WHEN SAW WE THEE A STRANGER?

Then shall the righteous answer him, saying, Lord, when saw we thee an hungred, and fed thee? or thirsty, and gave thee drink?When saw we thee a stranger, and took thee in? or naked, and clothed thee?Or when saw we thee sick, or in prison, and came unto thee?And the King shall answer and say unto them, Verily I say unto you, Inasmuch as ye have done it unto one of the least of these my brethren, ye have done it unto me. Matthew 25:37-40

This passage is generally used to help people understand our role as Christians towards the "hungry," "thirsty, "naked," "sick," and imprisoned people in our world. It should note that everyone of these situations was experienced by Christ Himself, though at the particular moment, He is speaking prophetically. He explains that every kind of thing we do for people (in this case, His "brothers" or disciples) is the equivalent of doing the same for Christ. It is a call to us to be kind to the Christ in others, to treat others as the embodiment of Christ Himself. We might see a homeless man begging for food on the street and turn our heads when we walk by, forgetting that Christ Himself was homeless. If we knew this homeless man to be Christ, we would certainly not turn away. Jesus reminds us that the homeless man is Christ. If we take these words to heart, as well as the passage that follows them, we will change our attitude towards people in need and treat them as if we were treating Christ in need.

Prayer:
Lord Jesus, help me to see everyone in Your image. When I see someone sick, hungry, or in need, let me help them as if I were helping You. Remind me everyday of this parable, so that I might never turn a blind eye to someone in need. Amen.

07/07/2022

GOD KNOWS THOSE WHO BELONG TO HIM
Romans 2:28-29
A person is not a Jew who is one only outwardly, nor is circumcision merely outward and physical. No, a person is a Jew who is one inwardly; and circumcision is circumcision of the heart, by the Spirit, not by the written code. Such a person’s praise is not from other people, but from God.

External appearances are all that we can see. Religion, wherever it may be found, tends to accumulate external symbols, rites and ceremonies which are considered 'essential' for anyone who wants to be a part of it. That was the Jewish background too. When some Jews believed in Jesus as the Messiah, they wrongly thought the signs guaranteed their salvation.
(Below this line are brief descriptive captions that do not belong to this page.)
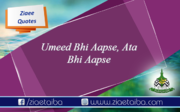 امید بھی آپ ﷺ سے، عطا بھی آپ ﷺ سے 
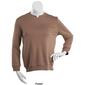Womens Hasting & Smith Long Sleeve Basic Fleece Crew Neck Top - image 6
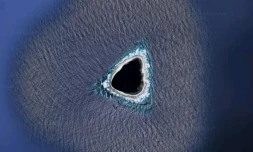 Un "trou noir" aperçu au milieu de l'océan Pacifique intrigue les internautes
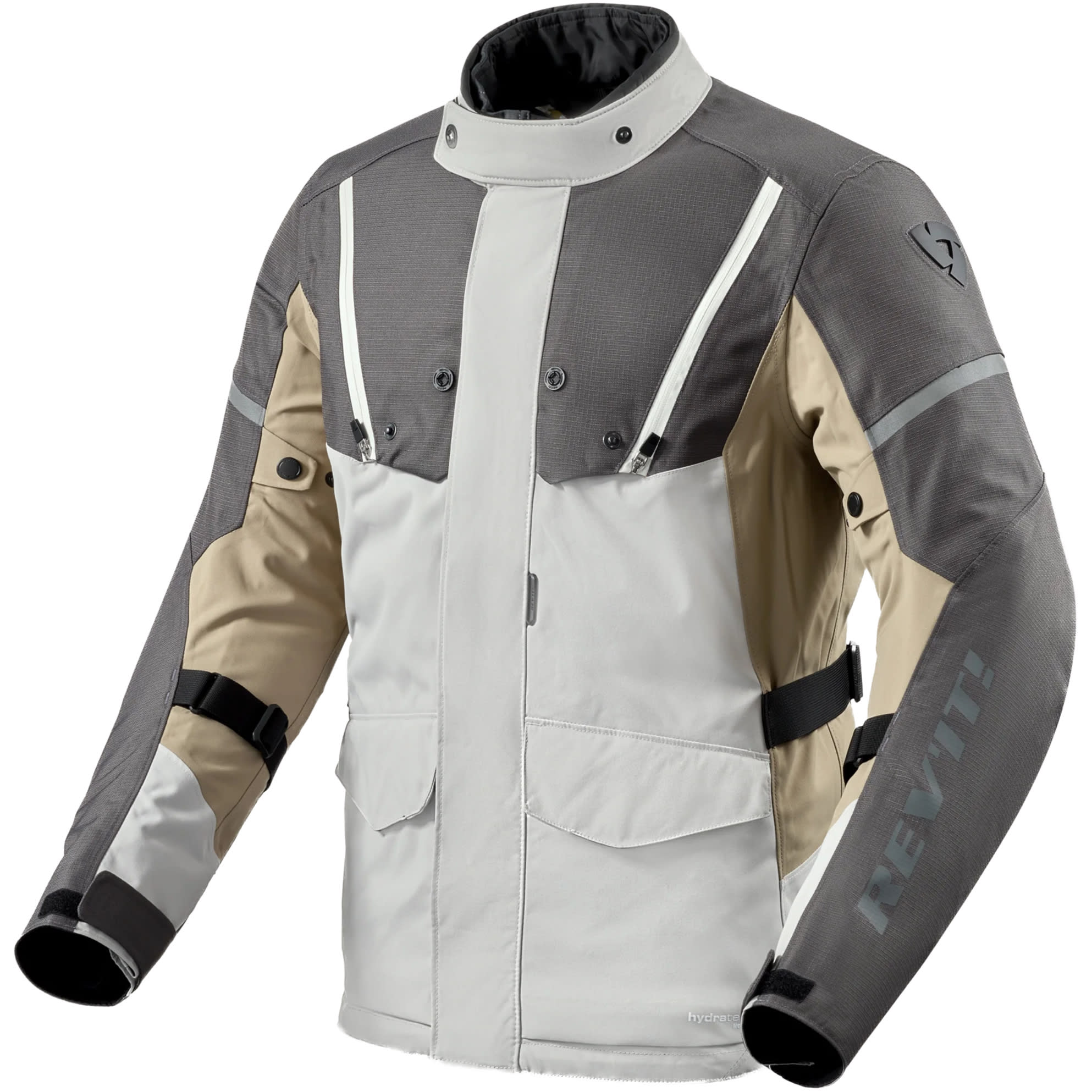 Rev'it Rev'it Horizon 3 H2O Jacket - Grey / Sand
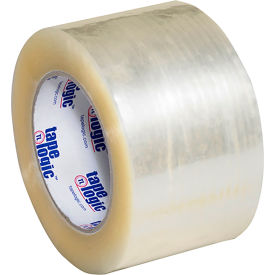 900 Economy Carton Sealing Tape, 3" x 110 yds., Clear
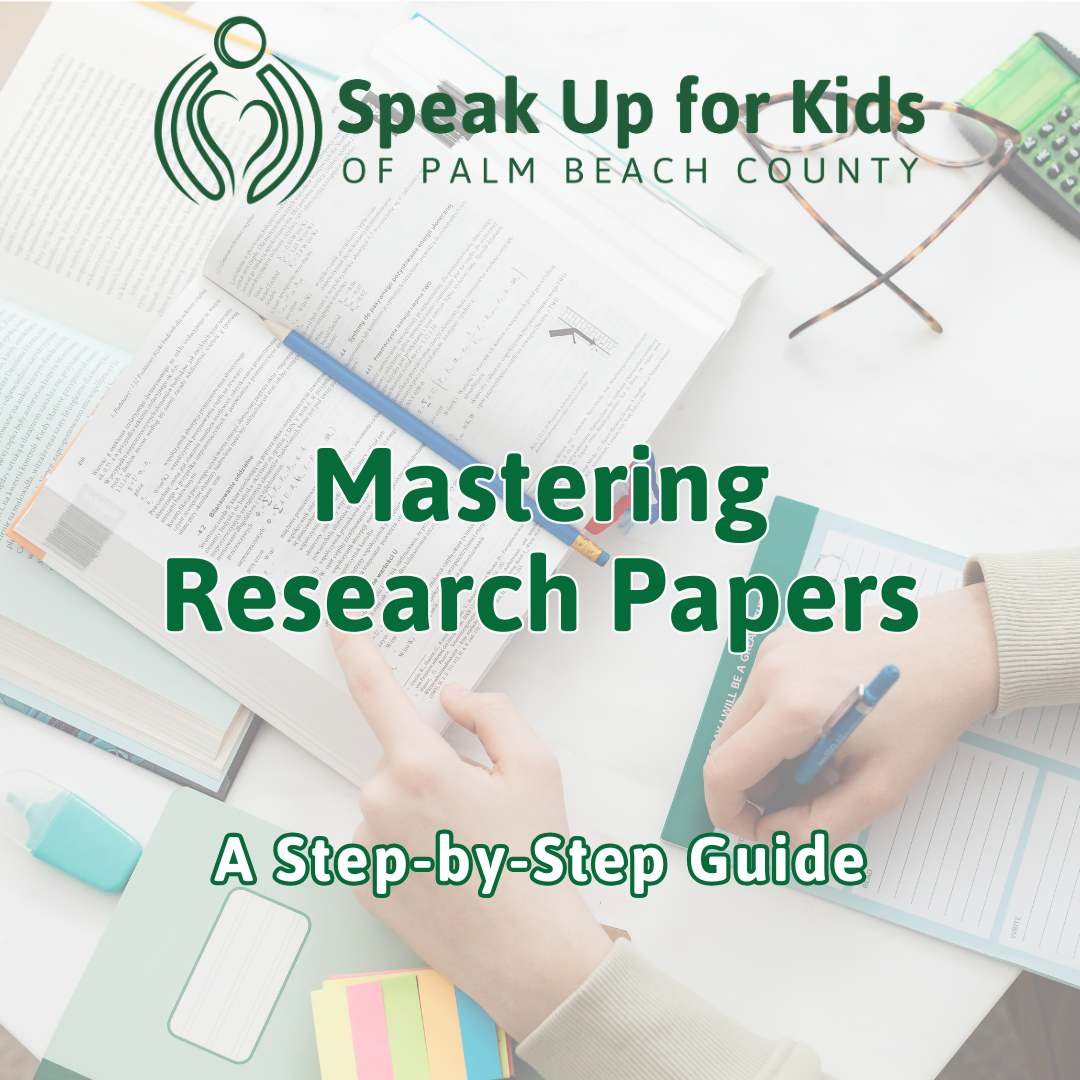 Mastering Research Papers: Your Step-by-Step Guide to Academic Success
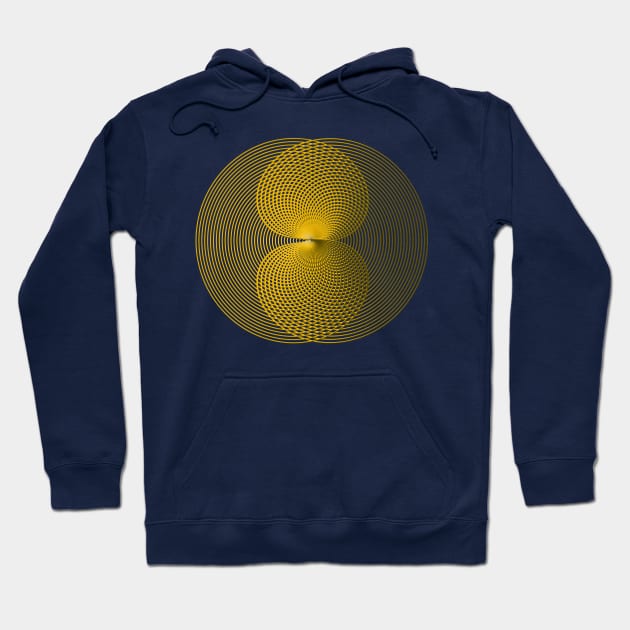 Swirl Design Hoodie by AKdesign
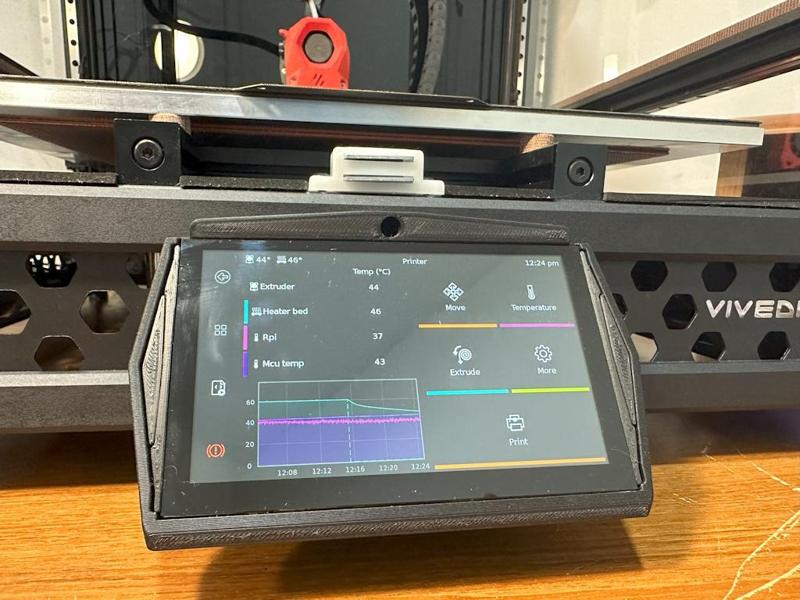 Troodon 2.0 Touch Screen Housing for BTT Pi TFT50 V2.0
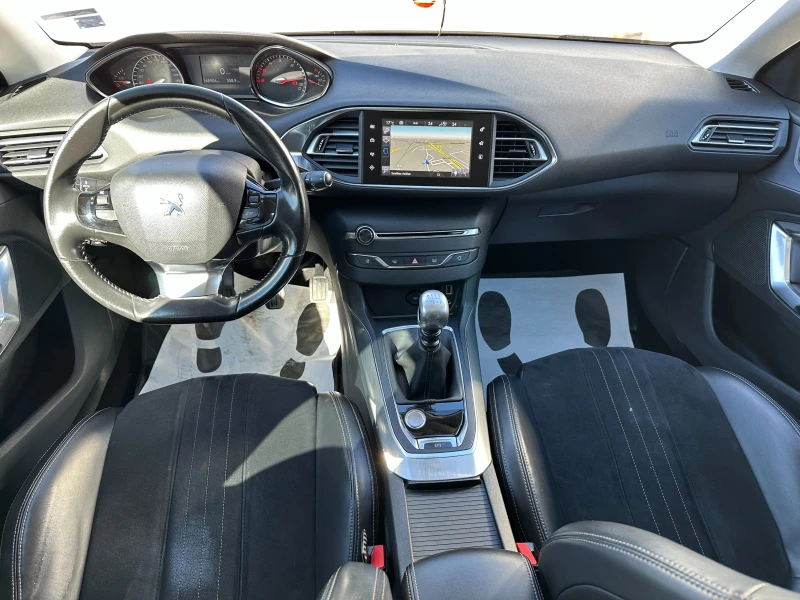 Peugeot 308 Гаранция/1.6d 116 к.с. , снимка 10 - Автомобили и джипове - 52212848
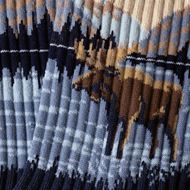 Foto de Calcetines Athletic Elk Lake Dark Blue L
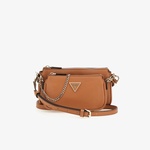 Guess Bramina Kadın Kahverengi Çapraz Çanta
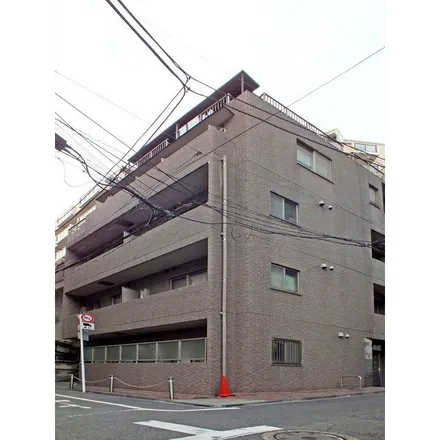 Rent this studio apartment on ピエロ７７号 in あけぼのばし通り, Sumiyoshicho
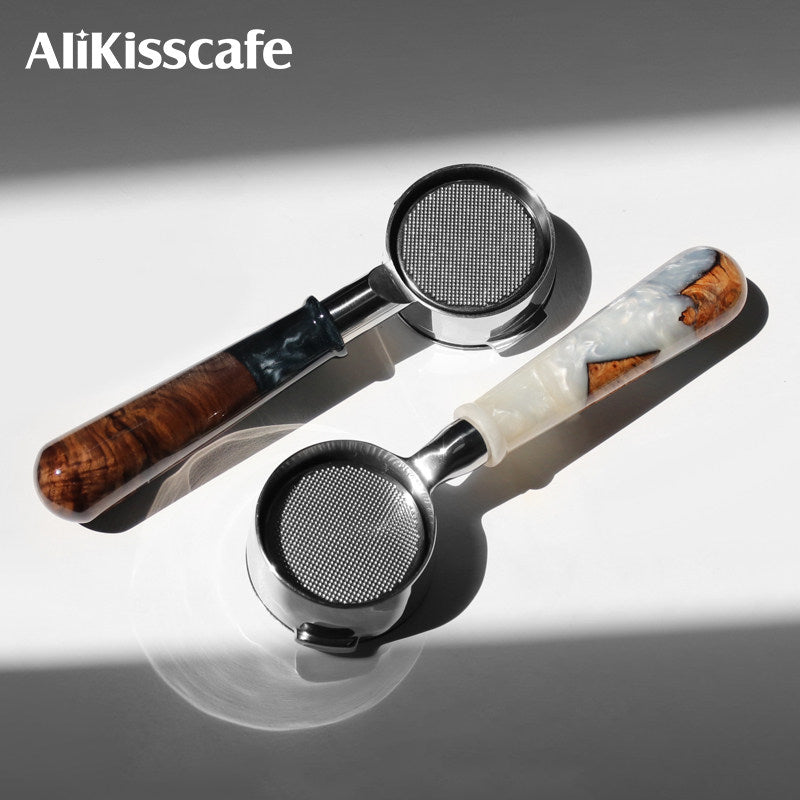 Coffee Machine Bottomless Handle 54mm 58mm Xeros Handle Breville 870 878 879 920 Accessories
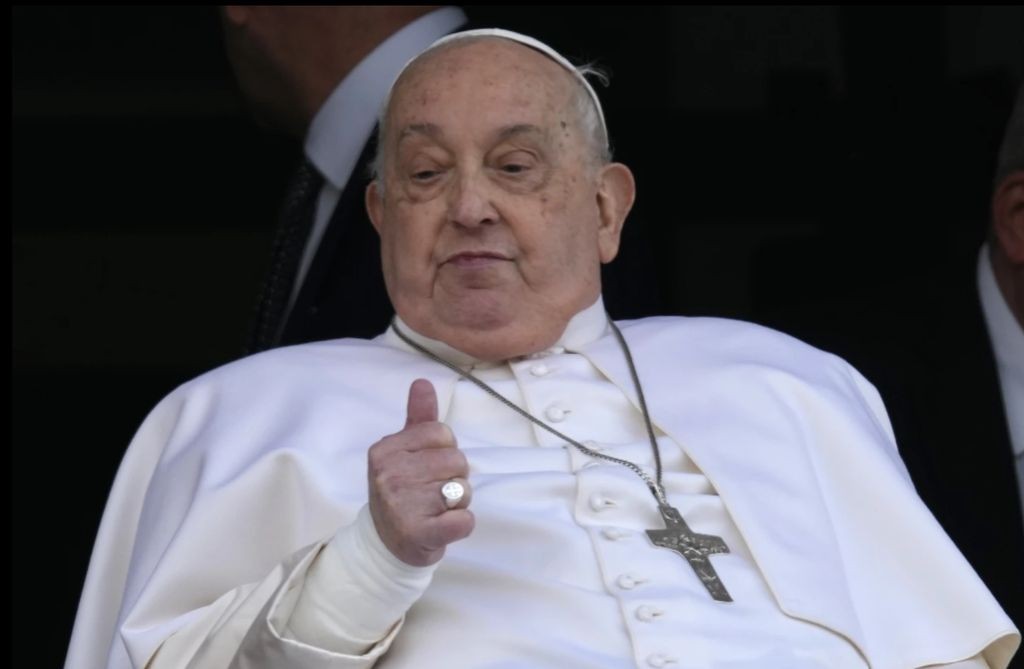 Trump Akan Hadiri Pemakaman Paus Fransiskus, Hamas Sampaikan Belasungkawa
Circumcision was one of those signs. It represented a person being ‘cut-out’ to be holy to the Lord. It was a God-given sign of the old covenant of God's love to those who loyally obeyed Him. But faithful obedience can never be created by cutting flesh. Deuteronomy 30:6 recognises that; only the Holy Spirit can change our desires so that we forsake all other gods and only serve the Lord only.

By saying, “ … a person is a Jew who is one inwardly …” Paul reflects on Deuteronomy 30:30 and anticipates Romans 11:17-24 - where he explains that God’s true people are both Jews and Gentiles who have been incorporated into the same family of God. He illustrates this by a tree stem into which a different variety is grafted. Both the original and the grafted shoots derive their life from the same source. Unfruitful original branches are cut away, but fruiting branches are kept, and the new fruiting spurs are grafted in. All who derive their life from the stem are equal. Jesus used a similar analogy saying that He is the vine stem and all who trust and obey His words are the fruiting branches. They will be pruned back to help them grow stronger, but the unfruitful branches will be removed. Their right to be in God’s family depends only on their relationship with the stem, who is Jesus (John 15:1-8).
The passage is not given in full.